UEC's president and CEO Amir Adnani noted that the deal marks the company's second merger and acquisition transaction in the past year, following the acquisition of Uranium One Americas.
"The U1A transaction doubled UEC's processing capacity, In-Situ Recovery resources and permitted projects in the United States, while the UEX transaction doubles the size of our measured and indicated uranium resources," Adnani said.
UEC has no debt, over US$180 million of cash and liquid assets, including physical uranium, which positions the company well to capitalize on the growing interest in uranium, he said.
"There is an emerging trend by Western utilities to secure supplies from uranium projects in politically stable and proven jurisdictions, this is a strong fit with UEC's permitted, and production-ready US ISR projects and extensive growth pipeline in Canada," he said.
UEC acquired all issued and outstanding shares of UEX by paying 0.09 UEC shares for each UEX share held, which implied a consideration of about C$0.497 (US$0.38) per UEX share. The company beat out a competing bid by Denison Mines along the way.
"The competing interest for UEX from other industry participants further validates the significant upside and strategic rationale we identified in UEX's portfolio of high-grade projects in the world-class Athabasca Basin of Saskatchewan," Adnani said.
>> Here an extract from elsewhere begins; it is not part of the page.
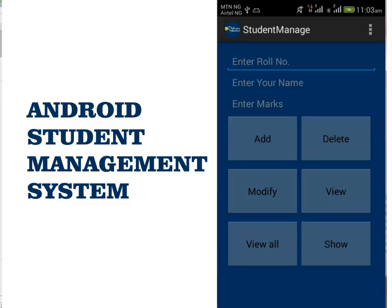Hi guys, this is Bamdele from Delaroid Studios. Welcome to another episode of Android Programming. We'll be talking about the Student Management System in an Android application.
Red Cloud Securities said 16 August that the offer fell short of its C$0.60 target for UEX and holds the view that the assets could have garnered more given potential synergies with Denison's assets.
The deal sees UEC gaining 29 projects with 147.8 million pounds in attributable U3O8 resources, including five advanced stage assets and joint ventures with established partners such as Cameco, Denison, and Orano Canada, Red Cloud previously noted.
UEC was last seen trading at US$3.38 with a market capitalisation of $1.01 billion.